絹糸のような光沢と艶やかさを感じさせる声の魅力が増田いずみの持ち味です。
国立音楽大学大学院オペラ科を修了した後、文化庁オペラ在外研究員に選ばれ、3年間ニューヨークのジュリアード音楽院で声楽を学んだ経歴も素晴らしいのですが、そのキャリアを生かしながらも、オペラティックな発声ではない歌唱が耳に心地よく響きます。
ベルカント唱法は広い舞台から声を客席の隅々まで届けるのには適していますが、一人静かに部屋で聴くには疲れます。ポップオペラ・ディーヴァと称される発声はリスナーにくつろぎと癒しをもたらすからこそ多くの支持があるのでしょう。
ミュージカル出演やテレビドラマの主題歌などの活躍など、幅広いジャンルへの挑戦ぶりがうかがえ、彼女にとって第3作となる本CDでもその華麗で伸びやかな美声を披露しています。
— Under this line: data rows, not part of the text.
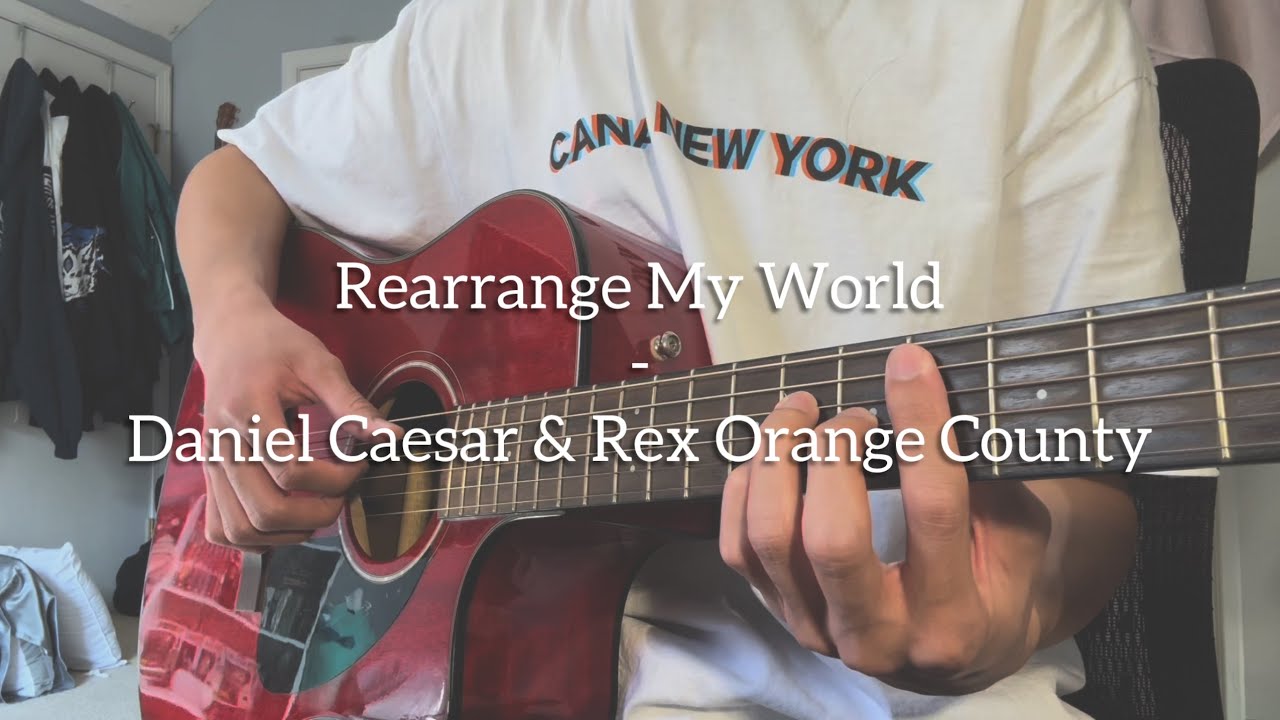 Rearrange My World - Daniel Caesar & Rex Orange County (Cover)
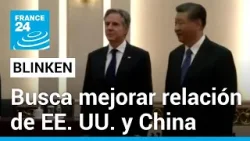 Pulso diplomático de Antony Blinken en China • FRANCE 24 Español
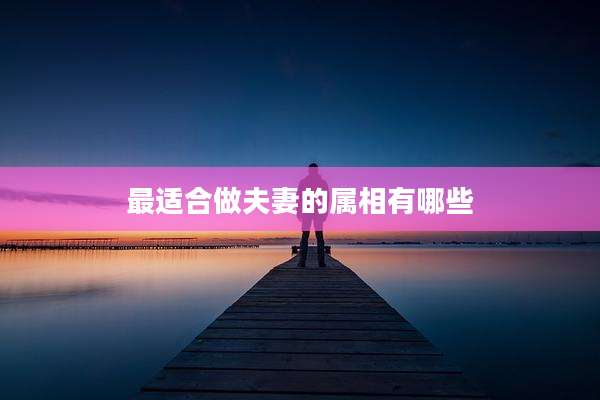 最适合做夫妻的属相有哪些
ショパンの「夜想曲」は、平原綾香よりも早くこの曲を取り上げ、美しい英語の発声で切々と歌い上げており、お気に入りの1曲です。
「ハルとナツ」〜メインテーマのヴォーカリーゼの透明感と天上への広がり、開放感は格別です。
「越天楽」は、雅楽と現代歌曲の融合を目指した意欲的なアプローチとして受け取りました。意外な取り合わせですが、ヴィヴラートの少ない歌唱法とよく合っています。
スティールパンの伴奏をフューチャーした「オー・ソレ・ミオ」は、従来の声を張り上げる歌唱とは真逆の囁くような発声でひかれます。
プッチーニの「お聞きください王子様」では、数多くのオペラの舞台に立ってきた彼女のキャリアが見事に伝わってきます。この幅広さが魅力です。